Boto3: RecursionError using batch writer

Created on 12 Aug 2019  ·  8Comments  ·  Source: boto/boto3

For some reason, this works fine with a regular put_item call, but not if I pass the same item to the batch writer:

#!/usr/bin/env python3

import decimal
import os
import pprint
import random

import boto3
from faker import Faker
from faker.providers import company

dynamodb_client = boto3.client('dynamodb')
dynamodb = boto3.resource('dynamodb')
fake = Faker()
pp = pprint.PrettyPrinter(indent=2)

table_name = 'my_table'
existing_tables = dynamodb_client.list_tables()['TableNames']

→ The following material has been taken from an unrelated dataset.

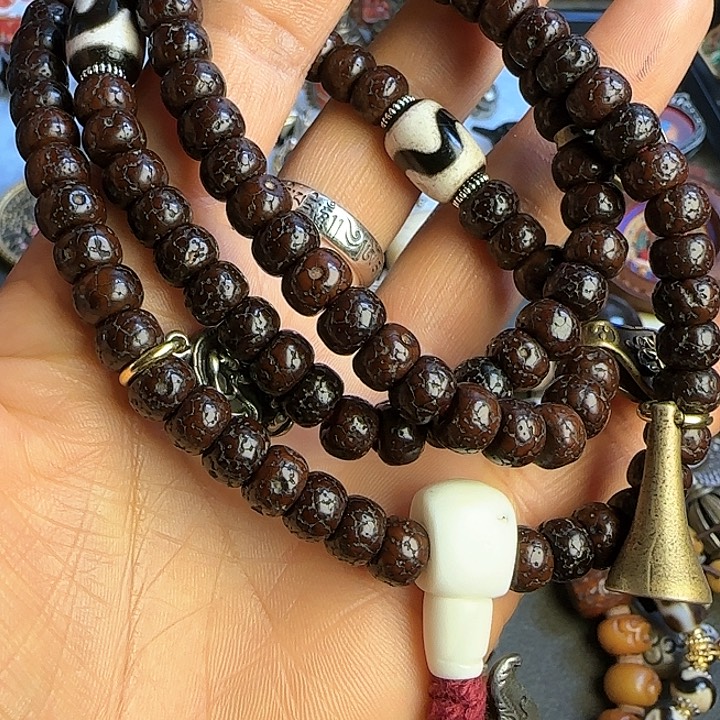 泥塑L****?谢谢，扎西德勒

# Create the DynamoDB table if it does not exist

if table_name not in existing_tables:
    response = dynamodb_client.create_table(
        TableName=table_name,
        KeySchema=[
            {
                'AttributeName': 'artist_id',
                'KeyType': 'HASH',
            },
            {
                'AttributeName': 'album_id',
                'KeyType': 'RANGE',
            },
        ],
        AttributeDefinitions=[
            {
                'AttributeName': 'artist_id',
                'AttributeType': 'N',
            },
            {
                'AttributeName': 'album_id',
                'AttributeType': 'N',
            },
        ],
        ProvisionedThroughput={
            'ReadCapacityUnits': 50,
            'WriteCapacityUnits': 500,
        }
    )

    print('Waiting for table ', table_name, 'to create...')
    waiter = dynamodb_client.get_waiter('table_exists')
    waiter.wait(TableName=table_name)

ddb_table = dynamodb.Table(table_name)

album_id = 0

album_formats = ['7" vinyl', '10" Vinyl', '12" Vinyl']

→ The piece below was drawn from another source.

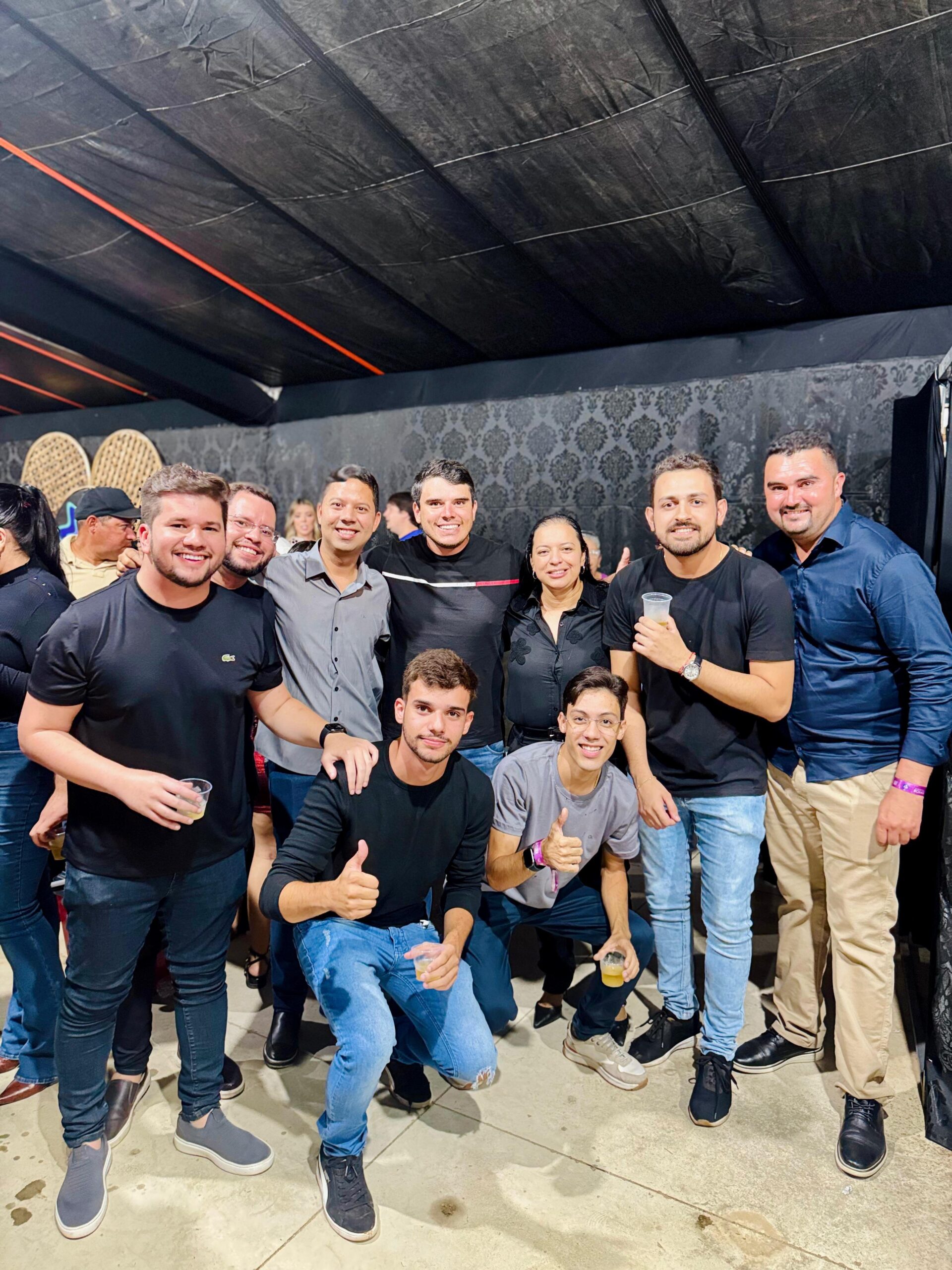 Pátio lotado marca a abertura da 74ª Festa das Rosas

# Create 1000 artists, each with 10 albums

with ddb_table.batch_writer() as batch:

    for artist_id in range(1, 1001):

        item = {}
        item['artist_id'] = artist_id
        item['artist_name'] = fake.name()

        for album in range(10):
            album_id = album_id + 1
            item['album_id'] = album_id
            item['album_title'] = fake.catch_phrase().title()
            item['album_meta'] = {}
            item['album_meta']['year'] = fake.year()
            item['album_meta']['sku'] = f'{artist_id}-{album_id}'
            item['album_meta']['format'] = random.choice(album_formats)
            item['album_meta']['price'] = decimal.Decimal(str(
                round(random.uniform(3.00, 50.00), 2)))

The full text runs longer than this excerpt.